I want to convert special characters which I see during web-page reading to the ASCII format. I've tried a lot, but I can't figure it out. I will give some examples below which are stored in a string in Python.I don't know what the current encoding of the web-page is, but I want to convert it to ASCII format.

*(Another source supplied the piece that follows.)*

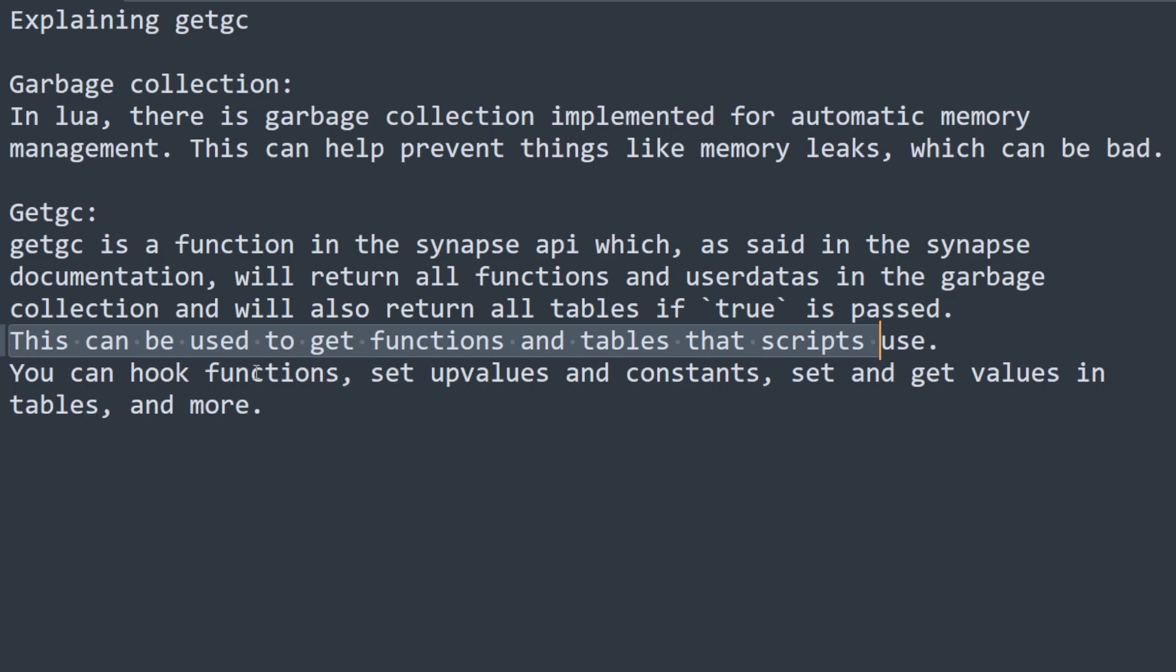You can get functions, set up values and constants, set and get values and tables and more with this.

Apaydın Ünal > want this to Apaydin Unal
Íñigo Martínez > want this to Inigo Martinez
Üstünel > want this to Ustunel

Who can help me?

EDIT: Thanks, I forgot. I'm using Python 2.7

Coryza
  • 231
  • 1
  • 3
  • 12
  • What Python version are you using? Assuming Python2, `MyString.encode('iso-8859-1')`. Encodings are heavily depended on the console or output you're using, the version of Python and depending on the format the data arrives in you convert it a little bit differently. – Torxed Mar 24 '14 at 08:50
  • This results in errors. UnicodeDecodeError: 'ascii' codec can't decode byte 0xc3 in position 7: ordinal not in range(128). When trying to convert string 'Sönmez' – Coryza Mar 24 '14 at 08:52
  • `x.decode('utf-8').encode('iso-8859-1', errors='replace')` will decode the string into something that ascii can understand, and then re-encode it into a character encoding your output understands. which produces: `'\xc3?st\xc3\xbcnel > want this to Ustunel'` in my console most likely because i'm not using **iso-8859-1**, i'm actually using UTF-8. Also mentioning where you read this output would be nice, webbrowser, console (if so, which OS), text-file? – Torxed Mar 24 '14 at 08:55
  • I'm reading this from m.facebook.com website. This results in strings like Y?ld?z and K??lal?, which is not the desired result. – Coryza Mar 24 '14 at 09:00
  • When reading date from facebook your are most likely not using UTF-8 connection thus making your data look like this. – ek9 Mar 24 '14 at 09:01
  • @Coryza Would be nice to see the code you're using to retrieve the facebook data. First off, you should be using their API. Secondly, if you're using sockets, you need to manually determain the encoding, one easy way to do it is to check the headers from the GET data and also the block.. can't remember off the top of my head.) – Torxed Mar 24 '14 at 09:57

1 Answers1

1

Give https://pypi.python.org/pypi/Unidecode a try:

>>> from unidecode import unidecode
>>> unidecode(u'ko\u017eu\u0161\u010dek')
'kozuscek'

And to detect the encoding, see the question Determine the encoding of text in Python

Community
  • 1
  • 1
Marco Mariani
  • 13,556
  • 6
  • 39
  • 55